Thank you for the compliment. I agree you are right that Dumbledore did say he trusts Severus fully, but we don't know why.
But look at how he talked to Draco Malfoy. Malfoy showed all the signs of being a Voldemort supporter from the beginning of the series with his first comments to Harry about being in Slitherin and not allowing the "other kind" (aka muggle-born wizards) into the school. His father is still a Voldermort supporter as is the father's of Crabbe and Goyle. However Dumbledore still tries to convince Malfoy that he doesn't have to follow Voldemort and Malfoy almost is convinced! Maybe Malfoy will be a surprise Harry supporter in the end. Harry may never trust Malfoy but Dumbledore obviously gives trust beyond a lot of wizards.
If Dumbledore can give trust to people who don't necessarily deserve it could he have been wrong to trust Snape? He was fooled by Mad Eye Moody's imposter, young Barty Crouch.


The implicit promise to the reader in any book (or series) is that there is a series of problems that, by the end of the book, will be solved. Especially in a book written for younger audiences, as the series originally was.

Okay, quick reminder for you all. JK Rowling wrote this series for ADULTS. After getting rejected by (47?) so many publishers when one said "yes, but we will market it towards kids" she said fine but I am still writing for adults. The publishers were smart because they more than doubled the readership that way.
Second of all there is no written promise like that. Look at the Series of Unfortunate Events. Lemony Snicket promises that the ending will not be happy.
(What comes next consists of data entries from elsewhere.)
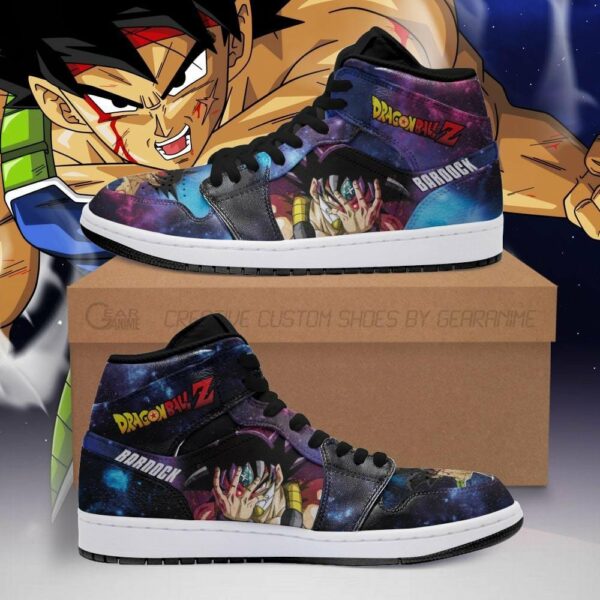 DBZ Bardock Shoes Galaxy Custom Dragon Ball Anime Sneakers 1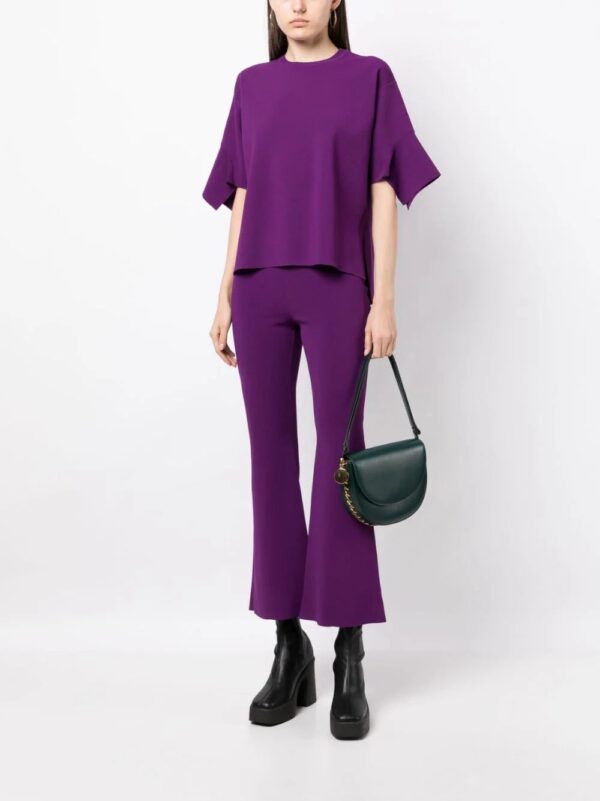 Stella McCartney  asymmetric short-sleeved T-shirt - Image 2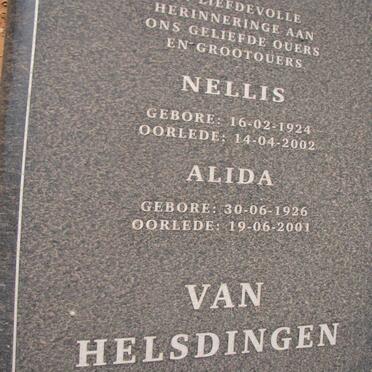 HELSDINGEN Nellis, van 1924-2002 &amp; Alida 1926-2001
Actually, I think I've just raised another interesting point - is there anyone in the books who's just as sweet as punch, but who is actually just putting on a very good act, and working for the bad guys? And if not, why not? I would call that Evil.
That was a good point too. I think Barty Crouch comes the closest although if there is another I think Percy is the second closest. Remember what Ron says, Percy would probably turn in a family member if it meant he would rise up in the world.
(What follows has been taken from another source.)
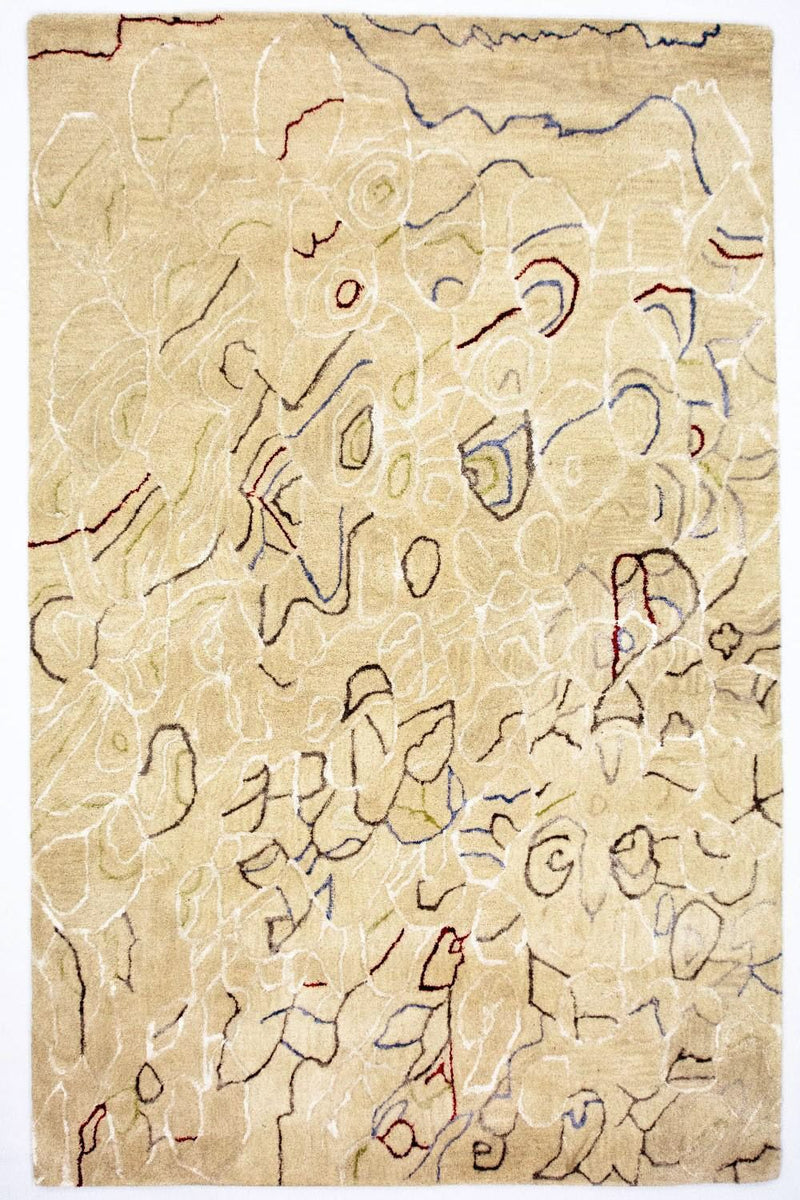 Tapis design - 242 x 152 cm - beige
Ten bucks says Harry is the last Horcrux.

Now wouldn't that be a whizbang ending:
Harry: "Draco, kill me!"
Draco: "All right!"


Finally, I think Harry is the last horcrux. They questioned in the 6th book about if a horcrux could be put into a human, and Dumbledore said that they maybe could. I mean think about it, what would Voldemort want more as a horcrux than the guy who had a prophesy saying he would kill him? I'm not sure if Dumbledore and Snape know this- but they must have a suspicion by now Harry has a very large role to play if they wish to defeat Voldemort.

Now on the subject of the last Horcrux you guys quit saying Harry is a horcrux because he is not. First of all why would Voldemort want to kill Harry if he had concealed a part of his soul in Harry? Second of all...wait the first point is the only point. Why make a horcrux to save yourself from death just to kill it!?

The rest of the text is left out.